梅色夜話



◎「木挽の夕涼み」(『野傾友三味線』より)


 良いことがふたつ重なる、ということは滅多にない世の中である。
 萩野沢之丞・谷島主水は、武蔵野の広い目から、名誉のしこなし(立ち振る舞い)者と我を折って、群集の眠りを覚まさせたものである。
 これを思うに、何事によらず、功を経ねば上手には至らず、上手になるころには歳をとってしまう。「面影がかわらないでほしい」と和泉式部が老をなげいたというのも、もっともである。「遠慮すべきこと、芸子の一座にて歳せんさく」と、古人のことばにもある。
 しかし、二代前の中村数馬は、背は小さく、変わってしまった声を使わず、そもそも若衆方(若衆の役を演じる役者)となって、舞台を踏んだ三十三年の間、容姿がついに変わることのなかった子供であった。
 公界(くがい:デビュー)十二歳から勤めて、四十九歳の秋まで、孫ほどの歳の客にも抱かれて寝ていたのは、野郎(男娼)はじまって以来の例のない世語(うわさ話)となった。

 ここに、両国橋の花火見物に出て(夏の話です)、二・三人連れ立っている友人同士がいる。「この暑さでは、いつもの宿は堪えがたいだろう」と、誘う水にまかせて、木挽町(こびきちょう:芝居小屋が立ち並んでいた町)の裏筋にある、知り合いの亭主を訪れた。
 物好きがさまざま集まっている中に、庄一という男がいる。
 「どうだ、歳は十八・九までなら構わない。小作り(小柄)である男色が望みなのだが」
というと、主人は心得て、
 「花井品之丞さまといって、いまだ板付き(舞台子の中で上位の者)ではいらっしゃらないのですが、お年は十六・七と思うのですが、小作りで、十二・三歳のお可愛らしさです。この子にお決めなさっては」
と薦めた。


 庄一が、いかにも嬉しそうな顔で待っていると、品之丞さまが御出でになった。亭主が言うのにたがわず、十三・四歳と見えて、男たちの間に入って酌をするのにも、いやなことろは一つもない。
 庄一は、思いのほかに喜んで、残りの二人もそれぞれ馴染みの方へ使いを出したのだが、どちらも障りがあってやむを得ず、品之丞ひとりを一木の花の眺めにして、酒を飲み交わしていた。
 ほどよく酔いが回って、面白く遊んでいる最中、”ぢしんどろどろ”となると、地震が起こって、はなはだしく茶桶の水をゆりこぼした。行灯の油は波打って、ともし火を消した。
 「これは、これは」
 人々は肝をつぶして、台所へ逃げ込み、雪隠にかくれ、念仏を唱える。
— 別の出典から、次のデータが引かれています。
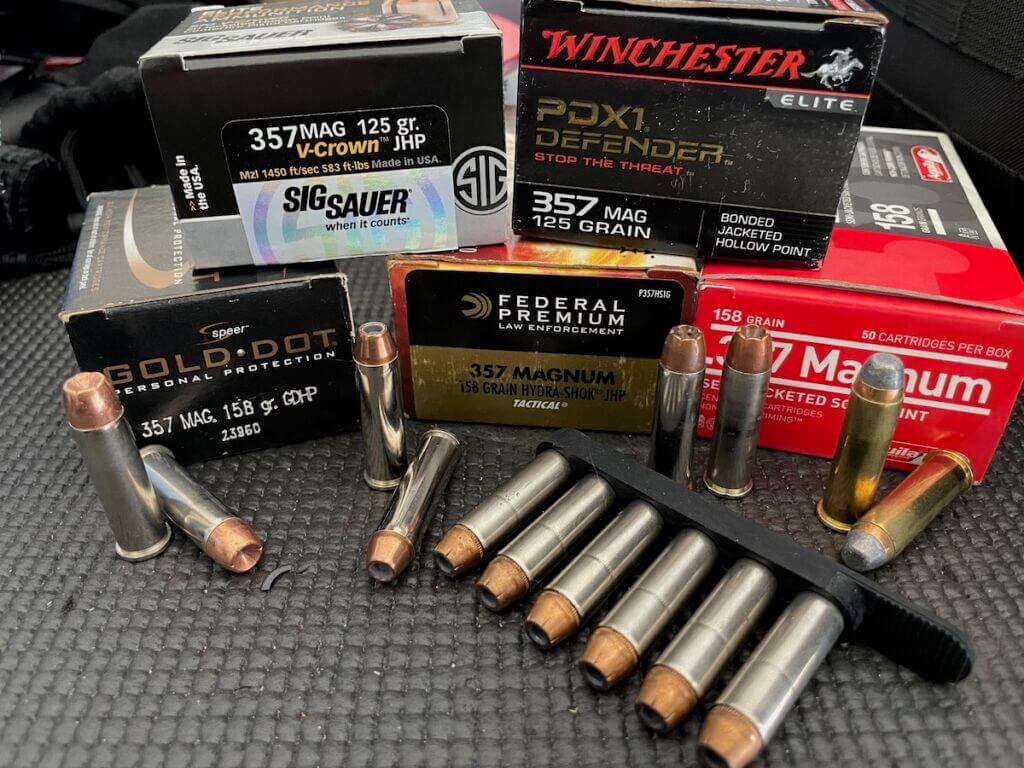 357 magnum ammo offers a variety of load options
花車(女主人)はにわかに血の道(めまい等)が起こって鉢巻をさがし、気丈な客も、たがいに顔を見合わせて、しばらくは無言の行者・座禅の一座のようであった。

 そんななか、品之丞ただひとりはちっとも騒がず、三味線を抱えてゆったりと、一休の合いの手を小野川流に調べて、なんともない顔つきである。
 ようやく揺り止むと、人々は生き返った心地で印籠から気付け薬をだして飲み、水で息を継ぎ、正気になって、
 「さてさて、我をおりましたのは品之丞さま。まったく怖がることもなく、声を張り上げてうたっておられた。
 まったく、子供衆と引き換えて、この木男(不粋な男)どもの只今のうろたえようは面目もありません」
と大笑いすると、品之丞はえくぼのある笑顔で、
 「みなさま方は御存知ないでしょう。いまから四十六年前の地震は、こんなものではございませんでした」




 わ〜、こわ〜い。思いもよらない落ちに、面食らってしまいました。でもちゃんと冒頭に前振りがあったんですよね。
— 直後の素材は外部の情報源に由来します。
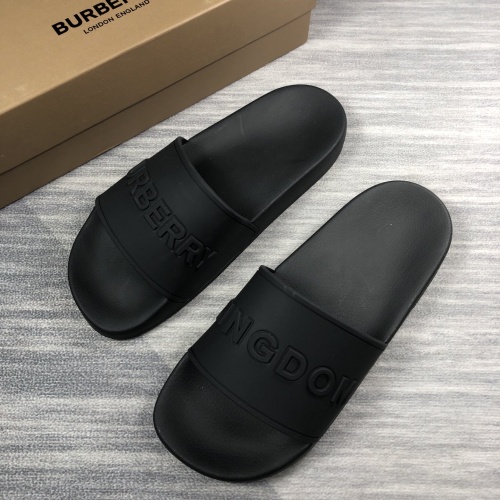 Replica Burberry Slippers For Women #1074855 $45.00 USD for Wholesale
 この話には、いくつか貴重な史料(?)となるべきポイントがあると思われます。
 まず、中ほどに出てきた「小作り」。「小作り」は、「小柄」という意味です。庄一さんは、「小作りなる男色」がお好みだといっていましたが、これって、今でいう「ロリ」?
 歳は気にしないと言っていますので、低年齢な子が好きというわけではないようですが、外見はローティーンな感じがイイというわけなんですね(フェチの世界は奥深い……)。
 庄一さんは亭主の勧めで、品之丞さまという舞台子を呼ぶことにしました。待っている間もドキドキわくわく。陰間遊びには、お店に直接いく場合と、このように料理屋や宴会の席などに呼ぶ場合とがあります。
 
 さて、品之丞くんが加わって、座がますます盛り上がる中、なんと「地震」が発生します(原文にも「地震」と書かれている)。あわてふためく主人一家やお客たち。このあたりの描写がリアリティーがあっておもしろいですね。ちょっと驚きすぎだけど;

 大人たちが地震にビビリまくっていたなか、品之丞くんだけは、声高らかに歌っていらっしゃるという落ち着きぶり。男たちが「いやぁ〜面目ない」と大笑いすると、品之丞くんは、えくぼのある愛らしいお顔でにっこり笑って、
 「四十六年前の地震はこんなものじゃありませんでした」

 きみ、いくつやねん!!
 おお、おそろしい。六十は越えてるってコト!? 冒頭の中村数馬さんも「三十八年間、子供の姿のままだった」とありますが、そんなことってあるのでしょうか。
 科学的に考えると、成長ホルモンの出が良くないということなのでしょうか(かくいうワタクシも医者に「成長ホルモンがちょっとしか出ていない」と言われた小作りな人間ですが……)。
 いいえ、ワタクシは信じております。彼らが食するのはバラのスープだけだと。そのあまりの美しさに神は、若衆の時をとめたのです!